Other countries, such as Britain, have more mature neobanks and Kelly noted Australia’s own were trying to replicate their models but couldn’t.
“In the UK they can make interchange revenues off debit cards – Revolut makes 60 per cent of its revenue from the interchange fee, [but they] can’t do that in Australia because the fee is capped,” he told Stockhead.
“You can’t just … shoot all these models overseas into Australia and expect them to work.”
Kelly said the Big 4 banks had noticed neobanks but were hardly worth swatting at. This was because Australia’s neobanks never entered the area that made profits – namely, home loans.
“The Big 4 are not rattled. They are getting pissed off that their forex business are being impacted a bit but not really,” Kelly said.
“What’s happened is with COVID, people have gone to quality. They’ll look for safe havens and put their money with Westpac, NAB, CBA, Citi. They don’t want to put it with Xinja or whoever, as in their view it’s too risky.
“The problem is they [Australia’s neobanks] were all doing victory laps but look at what they’re doing it about – there’s no profit.
“Revolut says ‘We’ve got 30,000 on our waiting list and we’ve got all these downloads’. That’s great but how many are transacting and how many are making any money? Not many.”
The former two statistics relate to Revolut’s plans to enter Australia but it has not yet been awarded a digital banking licence.
There seems little chance now that the four remaining neobanks will become the new Big 4. But they may not necessarily suffer the fate of Xinja.
But of course as Nature’s Melbourne partner Justin Connally noted, being their main ‘go-to’ service is another matter.
“What we have seen is this readiness for more Australians to try a digital bank. But there’s a degree of wanting to have a product or service with a digital bank before moving everything they have over,” he told Stockhead.
“More are keen but they want to get the experience before they commit to moving to them as institutions.
“During COVID-19 more Australians, whether it’s [through] a neobank or traditional provider – they’re becoming more accustomed to digital banking and transactions and will be open to it in the future.”
However this has not necessarily been to the advantage of Australia’s neobanks.
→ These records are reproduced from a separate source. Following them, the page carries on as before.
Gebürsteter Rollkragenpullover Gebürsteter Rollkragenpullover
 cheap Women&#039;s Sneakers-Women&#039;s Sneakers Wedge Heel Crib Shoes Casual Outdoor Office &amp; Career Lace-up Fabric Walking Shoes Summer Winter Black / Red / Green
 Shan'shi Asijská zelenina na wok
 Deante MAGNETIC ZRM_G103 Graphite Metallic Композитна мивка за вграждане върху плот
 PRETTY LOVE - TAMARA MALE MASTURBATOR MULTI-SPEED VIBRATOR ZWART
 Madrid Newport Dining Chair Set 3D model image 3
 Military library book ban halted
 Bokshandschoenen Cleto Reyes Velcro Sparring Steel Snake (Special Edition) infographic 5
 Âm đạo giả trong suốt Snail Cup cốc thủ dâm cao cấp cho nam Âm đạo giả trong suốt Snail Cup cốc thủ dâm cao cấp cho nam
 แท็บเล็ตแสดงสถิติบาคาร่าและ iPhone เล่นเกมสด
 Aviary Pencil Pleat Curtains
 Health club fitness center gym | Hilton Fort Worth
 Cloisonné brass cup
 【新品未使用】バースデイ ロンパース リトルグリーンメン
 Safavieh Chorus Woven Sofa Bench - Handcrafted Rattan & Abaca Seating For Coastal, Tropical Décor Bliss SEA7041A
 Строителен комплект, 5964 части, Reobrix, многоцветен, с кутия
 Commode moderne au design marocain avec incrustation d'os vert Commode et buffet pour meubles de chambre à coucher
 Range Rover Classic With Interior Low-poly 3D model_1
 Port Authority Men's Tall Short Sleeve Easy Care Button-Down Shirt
The survey also found that 67 per cent of Australians were not aware of neobanks as a term. Furthermore, Connally noted traditional banks have been accelerating their digital offerings.
“They have done a good job of doing that and I think they have the advantage of that trust Australians have in traditional banks, so I think there’s an opportunity for them to continue to service their customers using digital channels and continue their adoptions,” he said.
This has been particularly true as open banking has been eased in.
“The emergence of open banking and neobanks is entirely designed to create a more competitive marketplace where consumers can do that [shop around] more easily,” Connally said.
“That’s going to put more pressure on traditional banks to continue to innovate and offer those products and services to customers.”